N\'eel-Vector Switching and THz Spin-Wave Excitation in Mn$_2$Au due to Femtosecond Spin-Transfer Torques

TL;DR

This paper demonstrates that femtosecond spin-transfer torques generated by ultrafast laser-induced hot-electron currents can rapidly switch antiferromagnetic Mn$_2$Au and excite high-frequency spin waves, advancing ultrafast spintronic control.

Contribution

It introduces a method to control antiferromagnetic order within picoseconds using laser-induced spin-transfer torques, supported by combined transport and spin-model calculations.

Findings

Mn$_2$Au can be switched within a few picoseconds.

High-frequency spin waves up to several THz can be excited.
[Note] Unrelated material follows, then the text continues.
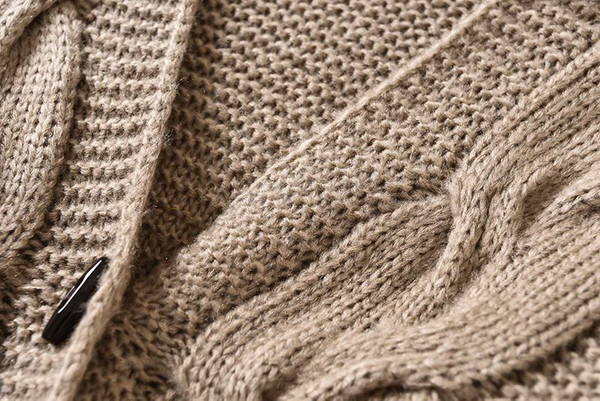 Suure kudumiga vabaaja kardigan spitsikaelusega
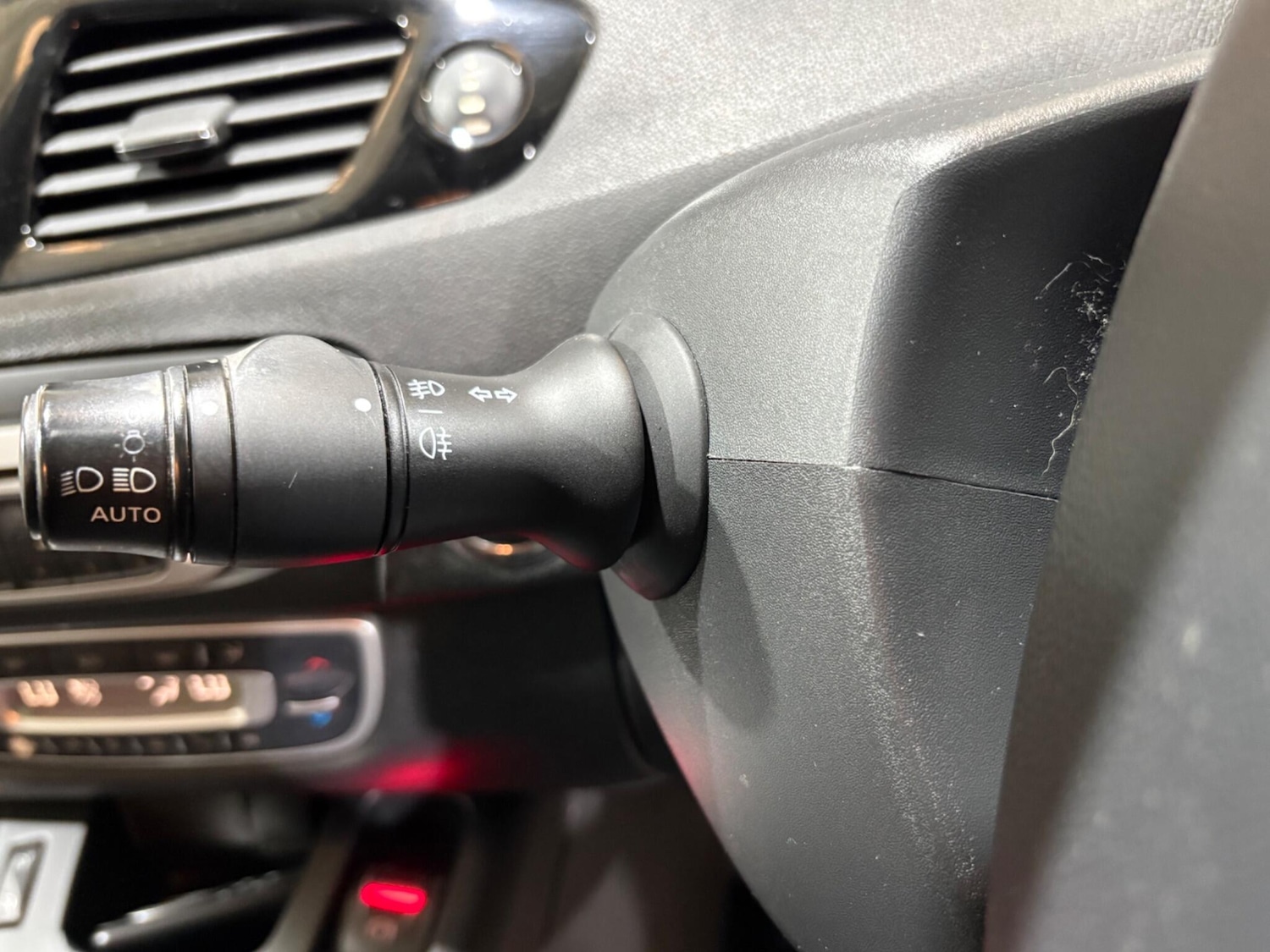 Used Renault Scenic 2013 for sale - 77637782: Photo 20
Femtosecond spin-transfer torques enable ultrafast antiferromagnetic manipulation.

Abstract

Efficient and fast manipulation of antiferromagnets has to date remained a challenging task, hindering their application in spintronic devices. For ultrafast operation of such devices, it is highly desirable to be able to control the antiferromagnetic order within picoseconds - a timescale that is difficult to achieve with electrical circuits. Here, we demonstrate that bursts of spin-polarized hot-electron currents emerging due to laser-induced ultrafast demagnetization are able to efficiently excite spin dynamics in antiferromagnetic Mn$_2$Au by exerting a spin-transfer torque on femtosecond timescales. We combine quantitative superdiffusive transport and atomistic spin-model calculations to describe a spin-valve-type trilayer consisting of Fe$|$Cu$|$Mn$_2$Au. Our results demonstrate that femtosecond spin-transfer torques can switch the Mn$_2$Au layer within a few picoseconds. In addition, we find that spin waves with high frequencies up to several THz can be excited in Mn$_2$Au.